$\ker(A)=\text{Im}(A^*)^\perp$ How do I show that $\ker(A)=\text{Im}(A^*)^\perp$ for any square matrix $A$.  I have done this problem before with the linear operator $T$ on a hermitian space but I can't seem to apply what I have done in that problem here.

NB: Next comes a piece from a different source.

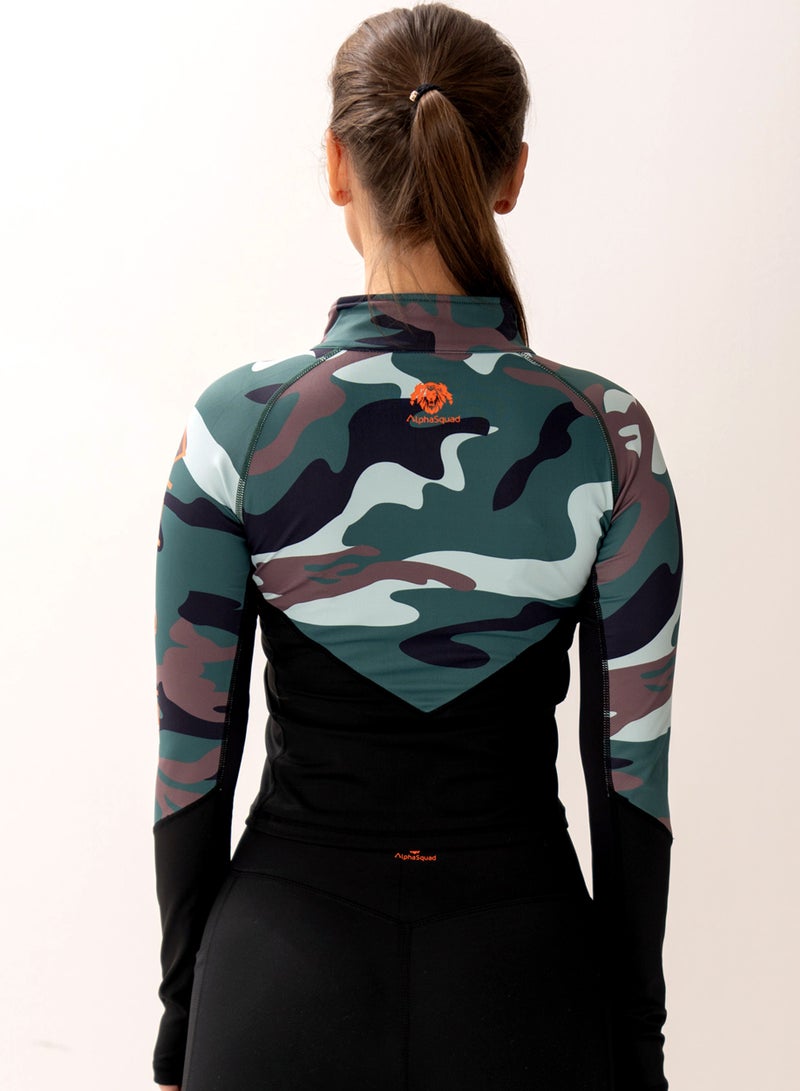 AlphaSquad Long Sleeve Half Zip Top - Green Camo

 A: Let $x\in\ker A$ and $y\in \operatorname{im} A^*$ then there's $z$ such that $y=A^*z$ and then
$$\langle x,y\rangle=\langle x,A^*z\rangle=\langle Ax,z\rangle=\langle 0,z\rangle=0$$
so we proved that $\ker A\subset (\operatorname{im} A^*)^\perp$. Now let $x\in(\operatorname{im} A^*)^\perp$ so for every $y\in \operatorname{im} A^*$ we have
$0=\langle x,y\rangle$ so 
$$\forall z\in V,\quad 0=\langle x,A^*z\rangle=\langle Ax, z\rangle\implies Ax=0\implies x\in\ker A$$
and then we have $(\operatorname{im} A^*)^\perp\subset \ker A$. The equality follows by double inclusion.
A: Let the rows of $A$ be denotes $A_i$. A vector $v$ is in the kernel if $A_i v = 0$ for all $i$, right? 
Something is in the image of $A^{*}$ if it's a linear combination of the columns of $A^{*}$, which are the rows of $A$. So the image of $A^{*}$ consists exactly of values of expressions of the form
$$
\sum_i c_i A_i.
$$
If $w$ is perpendicular to all such expressions, then it's perpendicular to $A_1$ (by choosing $c_1 = 1, c_2 = 0, c_3 = 0, ...$) and similarly for all other $A_i$. In other words, the right hand side is contained in the left. 
I think you can probably work out the rest from here; if not, just ask and I'll finish it up.